First, magic is in everything that exists. It exists as a unifying force and can be used for either good or evil and is indiscriminate to such. The largest barrier to the use of magic is the channeling device used and the mental capacity of the user.
All users of magic must use a device of some form to channel magic. Be it a wand, amulet, book, or staff, magic cannot be tapped without a device except in the case of the race known as the Rusis. There is a reason, however, they were almost completely destroyed well before other races of magic… more on that later.
At the time of Winemaker of the North, the only newly created channeling devices were staffs, grown from The Grove in the realm of the Sea-god Meredaas. The staffs sprouted from the trees could then be enriched by the power of the sea and were used in the Priory of Kel and Temple of Wura in Elinathrond. But these were particularly limited. The Order of Wura are normal men but ones that swear fealty to the god Wura.
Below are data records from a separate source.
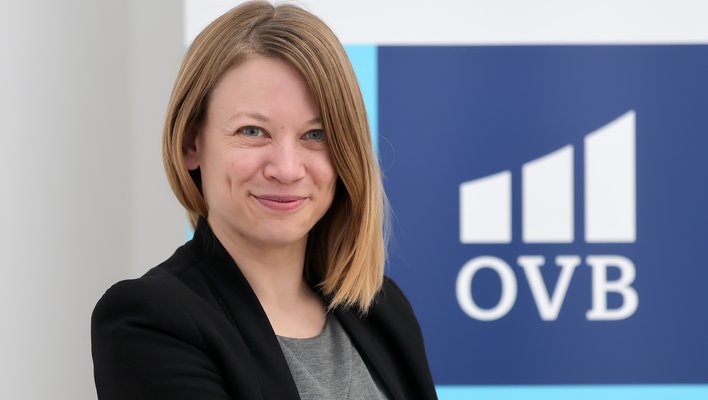 OVB financijski planer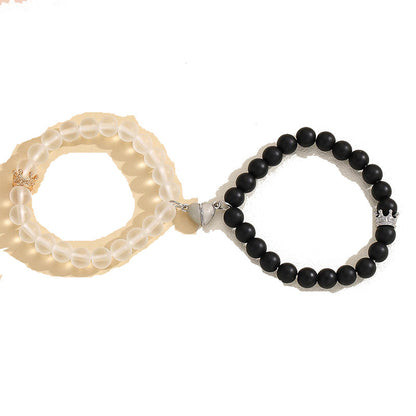 Lunar Bond Bracelet Set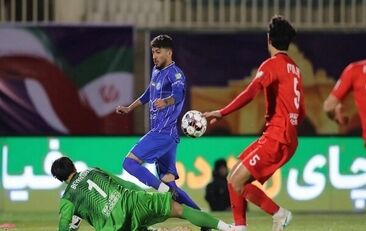 مانع بزرگ پیش روی سرمربی استقلال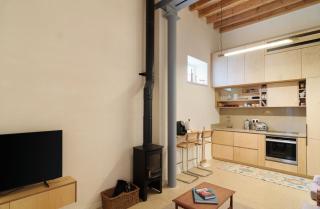 Timeless Gem in Old Nicosia - Nicosia - 7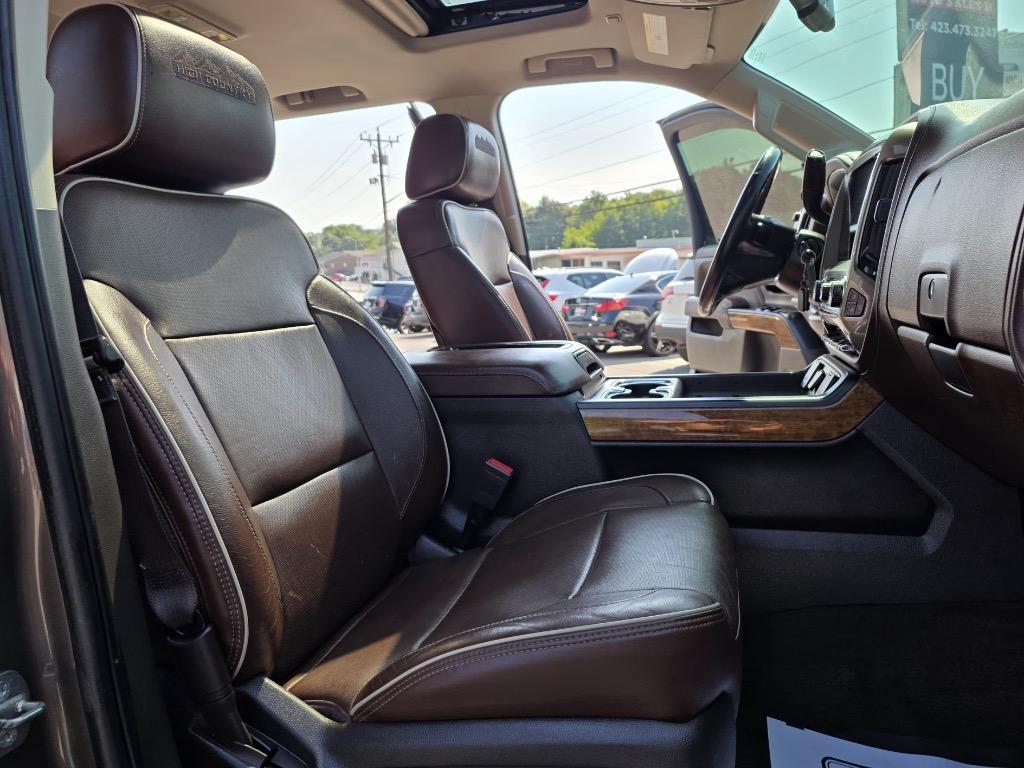 2014 Chevrolet Silverado - $19,995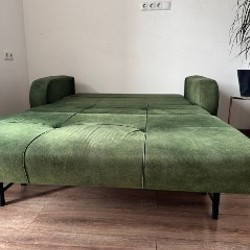 Раскладной диван - фото 3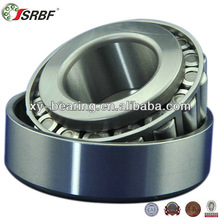 GCR15 material Tapered roller bearing 32312
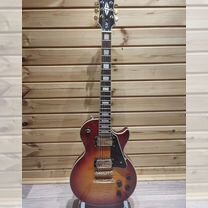 Электрогитара Epiphone Les Paul Custom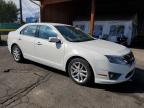 Lot #3305371304 2012 FORD FUSION SEL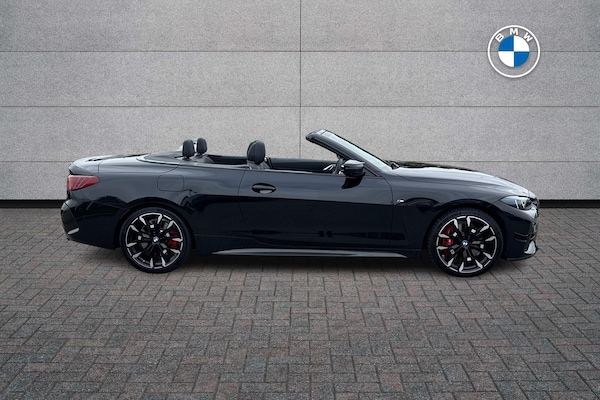 Used BMW 4 Series 2025 for sale - 76228833: Photo 3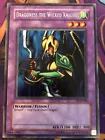 Dragoness the Wicked Knight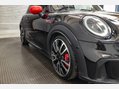 Mini Hatch 2.0 John Cooper Works Steptronic Euro 6 (s/s) 3dr 100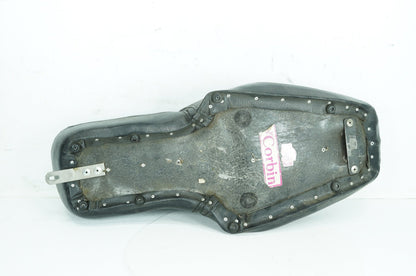 Harley-Davidson Misc  Passenger Rider Driver Seat Saddle CORBIN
Other than producing light and containing the ability to “stun” an opponent, their staffs allow the user to do no more.
The staffs used by the Priors of Kel, however, are much more powerful. Healing, telekinesis, and the destructive blasts of fire seen in the siege of Elinathrond near the end of book one, reveal that the war-god Kel blesses his followers with true power. Limited only by their master in book one (the Priory Master Naskin whose staff is the actual staff of the war-god) the priors are the most powerful wielders of channeling devices at this time in history. The staff of Kel itself is one of the god devices and one of two in Winemaker of the North. (Sviska’s dagger, with the ability to manipulate water, is a device of the sea-god.)
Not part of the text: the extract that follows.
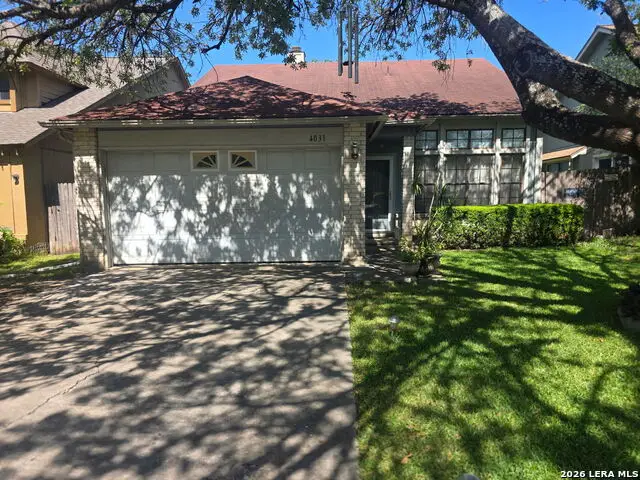 4031 Winter Sunrise Dr, San Antonio, TX 78244 - #1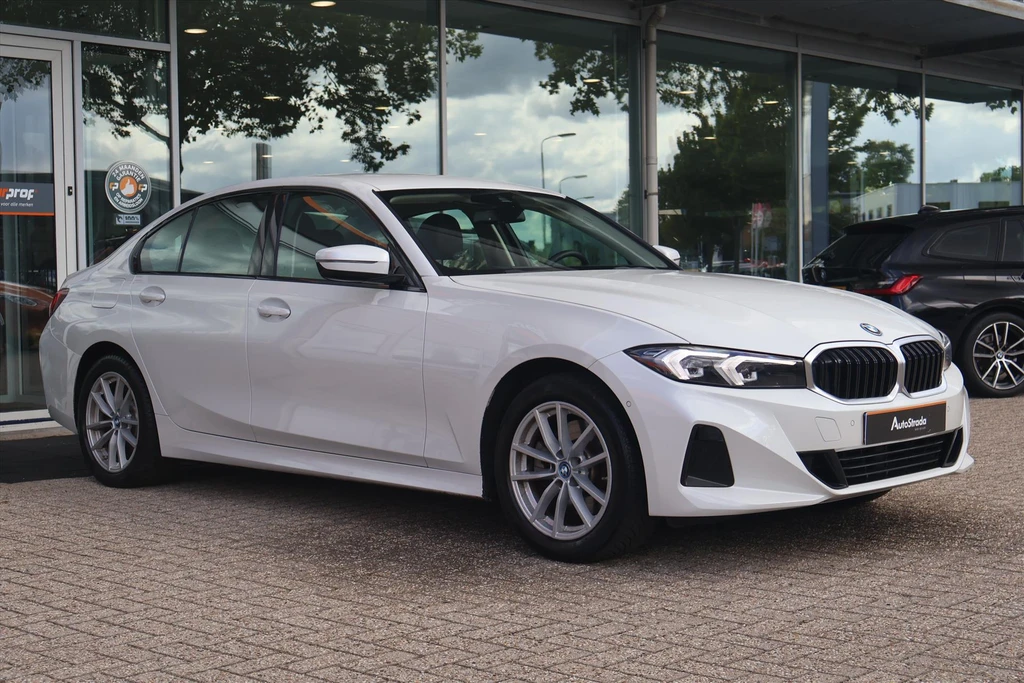 BMW 3 Serie – foto 7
The race known as the Rusis are the masters of elemental magic and at one time were the principle ruler within the lands. They had only one city but many grand masters of their craft. Fire, ice, lightning, earth, the elemental magic useable by this race, are essentially as simple as breathing to them, at least at lower levels. The one Rusis that remains is Garoa, but his abilities are limited in Elinathrond until given his gift by Brethor in preparation to taking the mantle as a Saint. Though the Rusis do not need channeling devices, they are weakened by its use and it would seem that the only internal way to push pass this weakness is channeling inner power of the heart (fear, greed, rage, etc.) That being said, it is obvious in Winemaker of the North, Garoa uses most of his strength to melt the floor of the Estate as the 1st Legion pursues them in the western wing. A contrast to this weakness is in Arcane Awakening at the cliffs of Tuonia where he is able to summon massive whips of fire knocking back rank after rank of legionnaires after the events there…okay, that is enough, no more plot hints here!
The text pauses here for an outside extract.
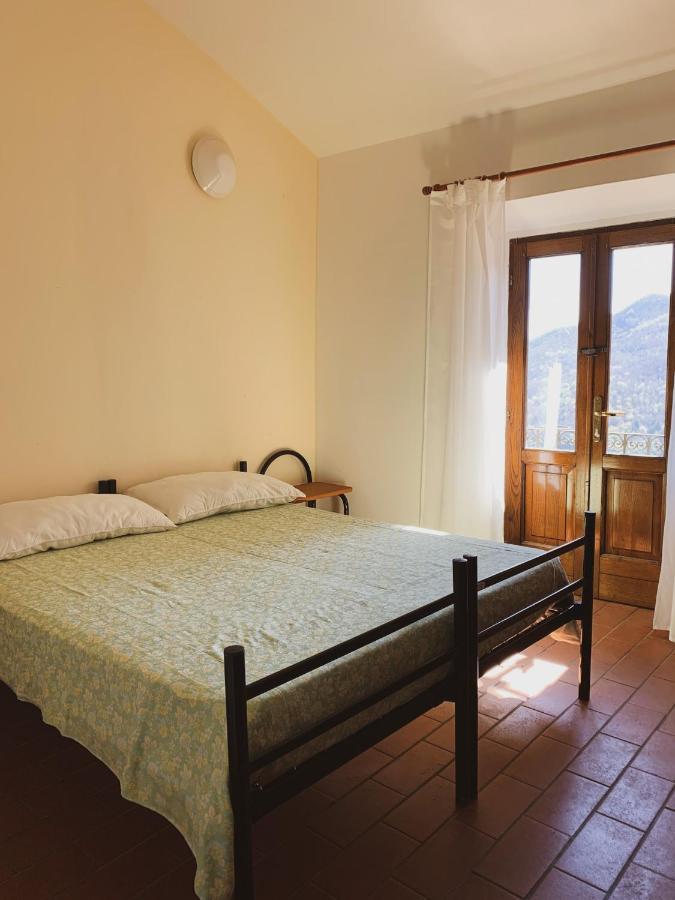 Rifugio La Mesta Trassilico 外观 照片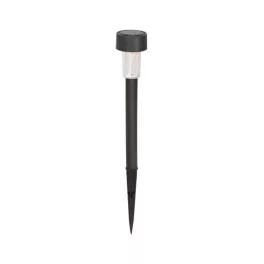 Xwatt Solar lámpa fekete - 44g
More on the Rusis people themselves, their abilities made them to me much more feared and their seeking for domination began a war that resulted in the scattering of their peoples…
So far, we have talked of channeling devices and the people that can use elemental magic with ease, but of a more particular interest, especially to book three, is the other type of magic…
The power of the mind and the Dwemhar people
There is little I can say of this. Even within the series, I’ve spoken very little of the Dwemhar. Pure bloods of the Dwemhar, at this time, have not been revealed. But half-bloods do exist. The Dwemhar were a chief race but of a purer form than even the elves. The Dwemhar were above the use of elemental magic and closer to the gods in capacity at full form. Full form Dwemhar, perhaps better termed as reaching the state of Enlightment in our world, would need little to dominate their enemies, that being said, once in full form, they would not have the same desires that became the pitfall to the Rusis race. This is a key and one to pay attention to in the development between book one and book three.
The Dwemhar are something I plan to expand on in future books. Just as I expand on the half-elf Kealin’s story in an upcoming book, my future plans will lead to a few different roads in the world building thus far and I’m excited to share it with you.